Transcribe exactly, leaving out pictures, the lines from the one that holds "Établi avec contenu" through the end of the data below, including both end lines and no others.

═════ RECORDS SUPPLIED

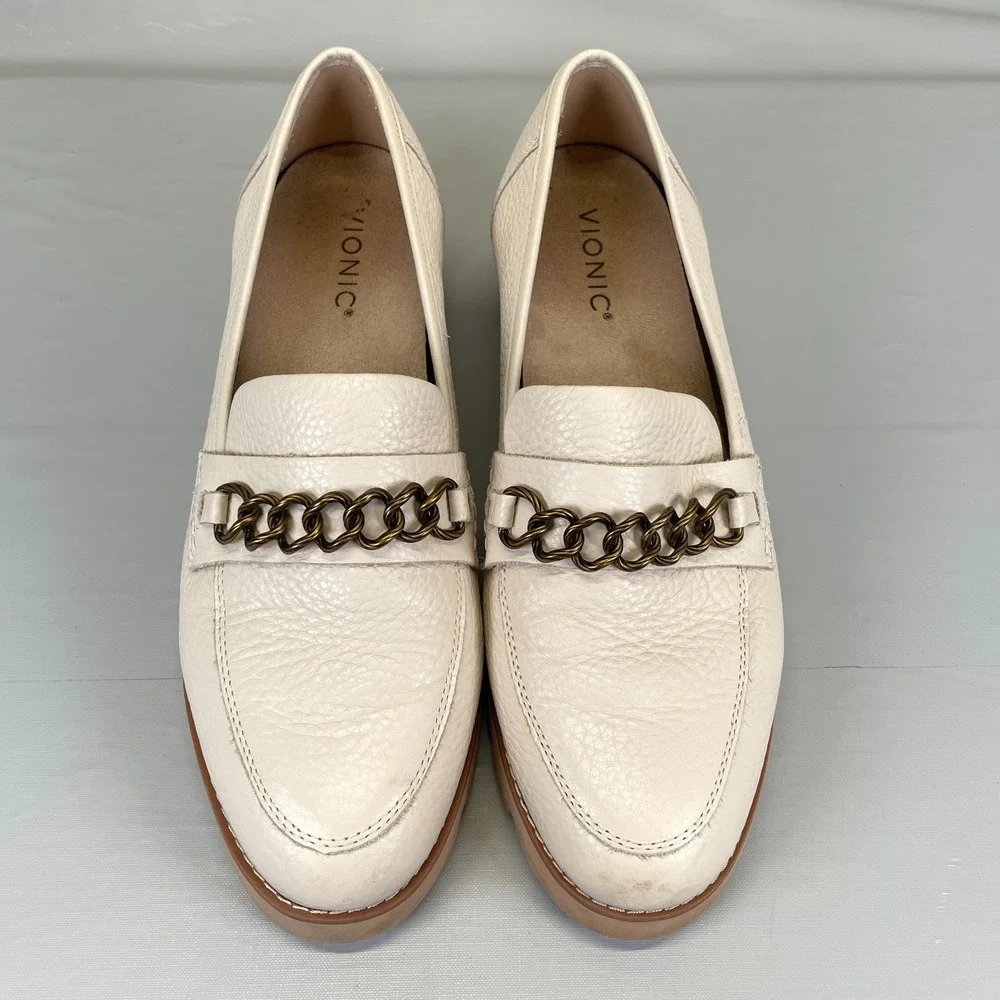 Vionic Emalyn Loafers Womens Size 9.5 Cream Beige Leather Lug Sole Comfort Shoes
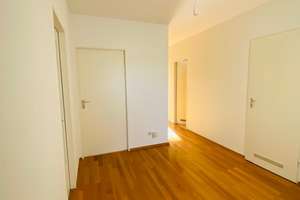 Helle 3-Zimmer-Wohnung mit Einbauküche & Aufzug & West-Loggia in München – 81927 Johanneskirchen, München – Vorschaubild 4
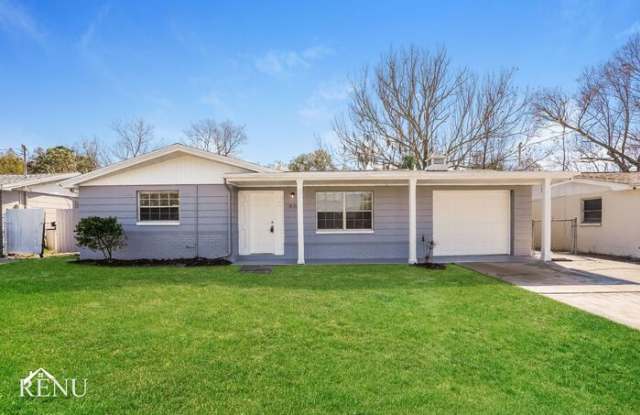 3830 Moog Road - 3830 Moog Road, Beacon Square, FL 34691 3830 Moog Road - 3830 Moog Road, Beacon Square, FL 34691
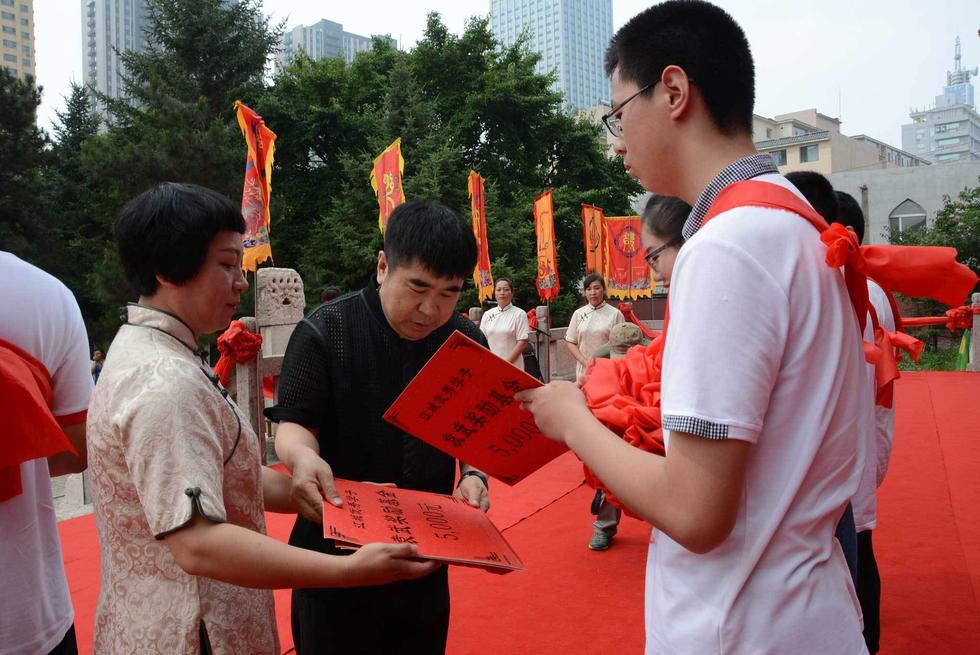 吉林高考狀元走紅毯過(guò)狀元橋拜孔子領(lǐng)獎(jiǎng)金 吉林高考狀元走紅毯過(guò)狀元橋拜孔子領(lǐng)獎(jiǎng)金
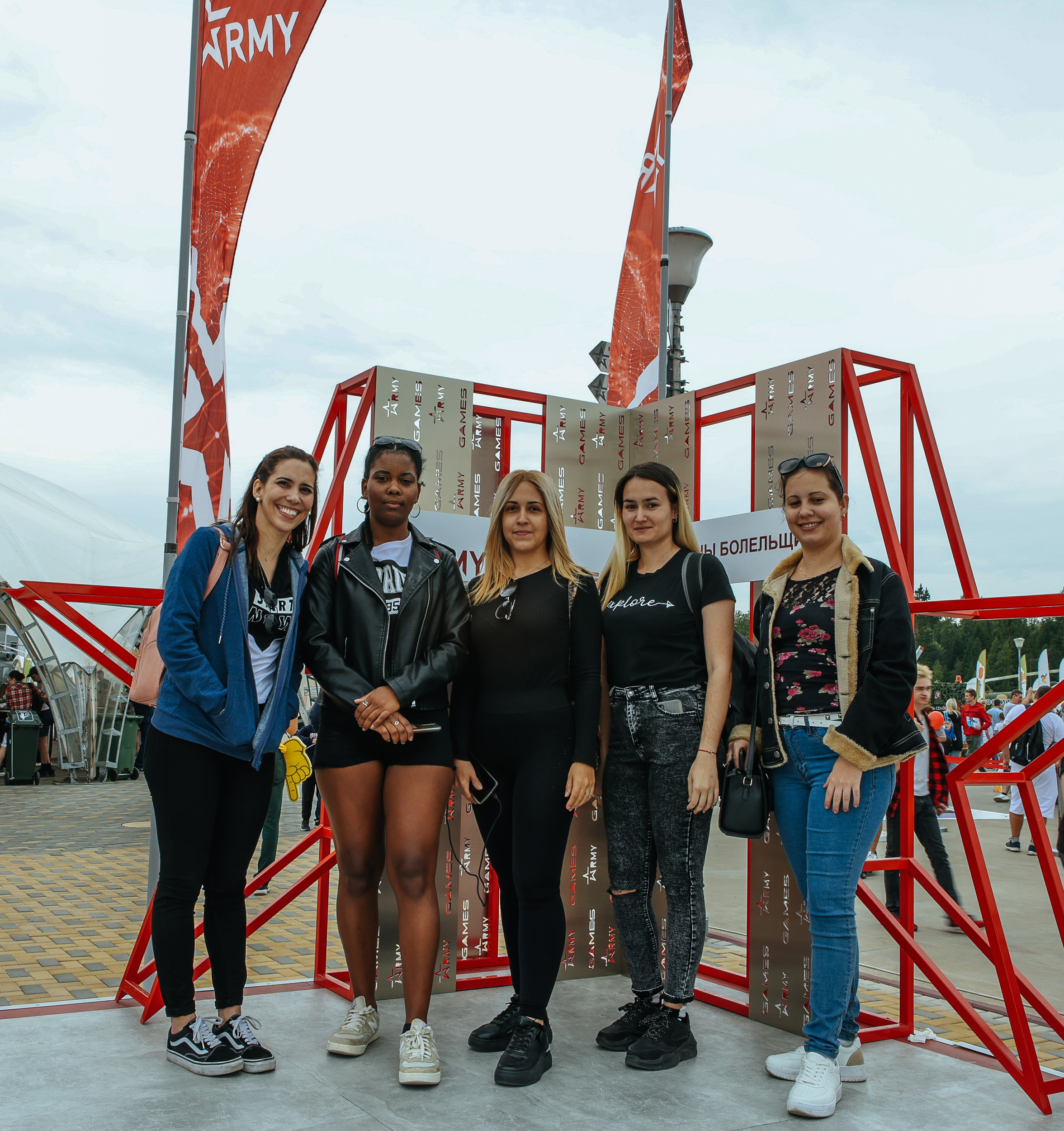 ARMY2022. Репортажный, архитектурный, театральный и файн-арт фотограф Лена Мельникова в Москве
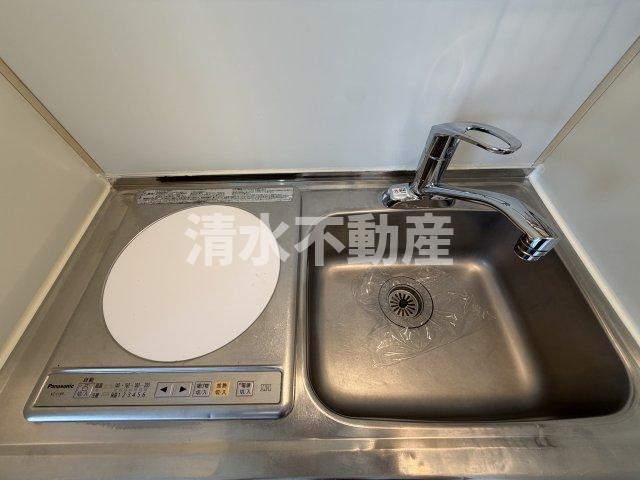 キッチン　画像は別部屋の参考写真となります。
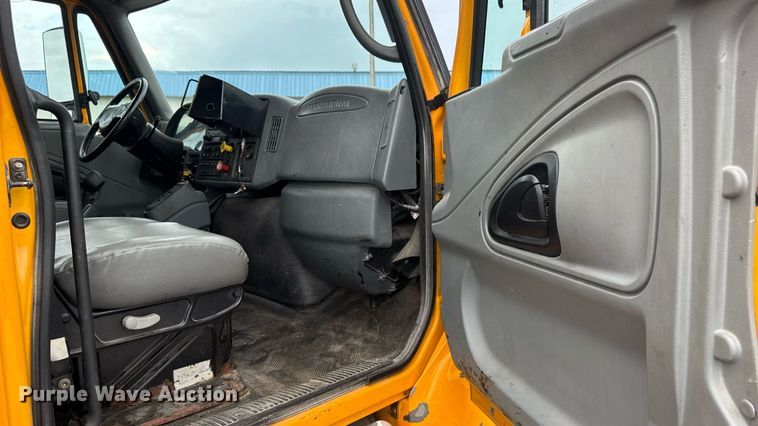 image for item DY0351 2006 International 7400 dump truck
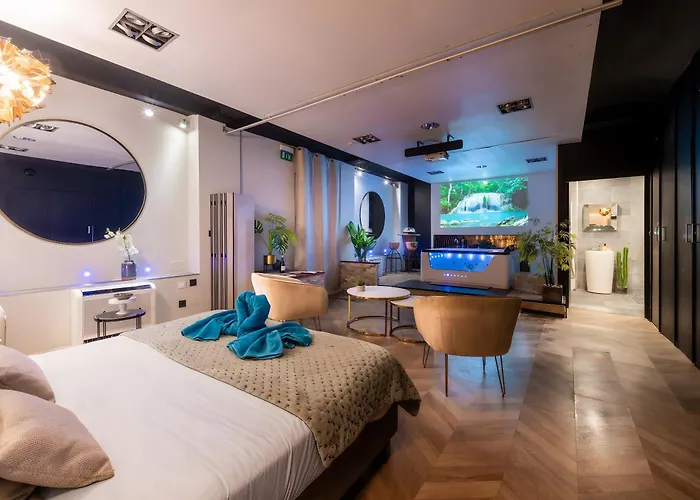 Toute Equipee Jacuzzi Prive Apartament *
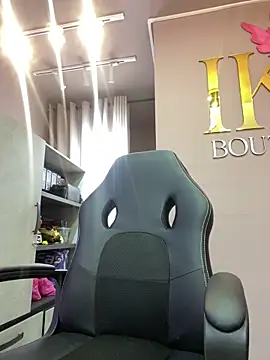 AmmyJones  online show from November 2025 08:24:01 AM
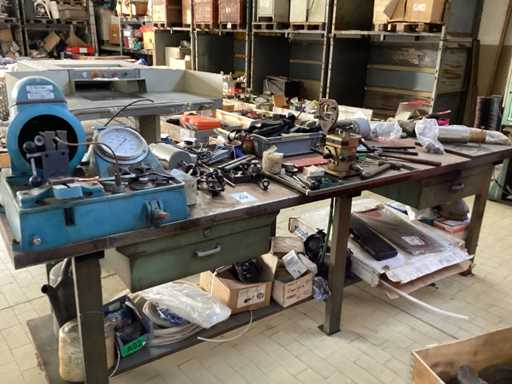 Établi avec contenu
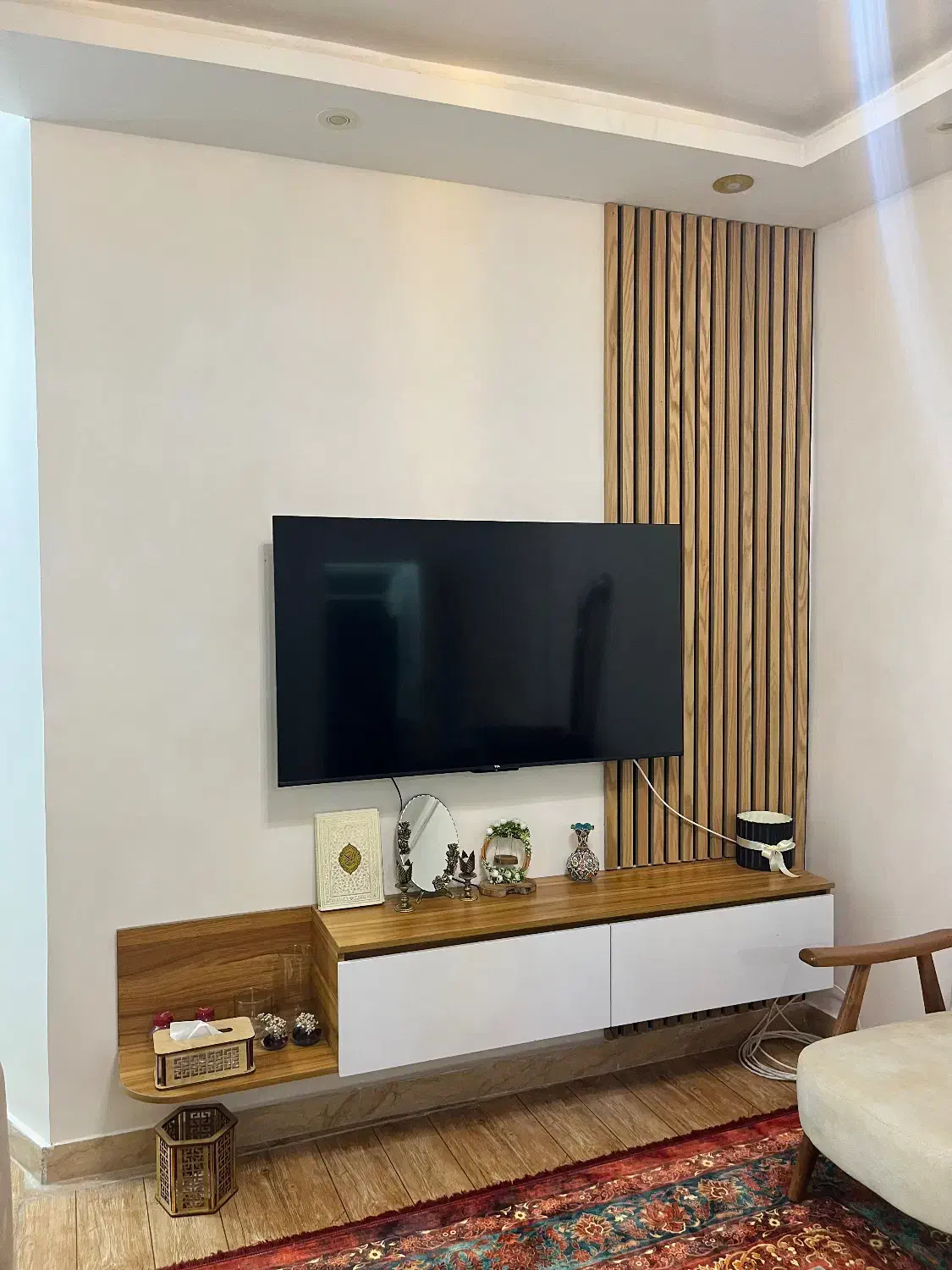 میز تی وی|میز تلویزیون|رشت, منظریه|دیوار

══════════

▸ **RESPONSE AREA**
 Établi avec contenu
 میز تی وی|میز تلویزیون|رشت, منظریه|دیوار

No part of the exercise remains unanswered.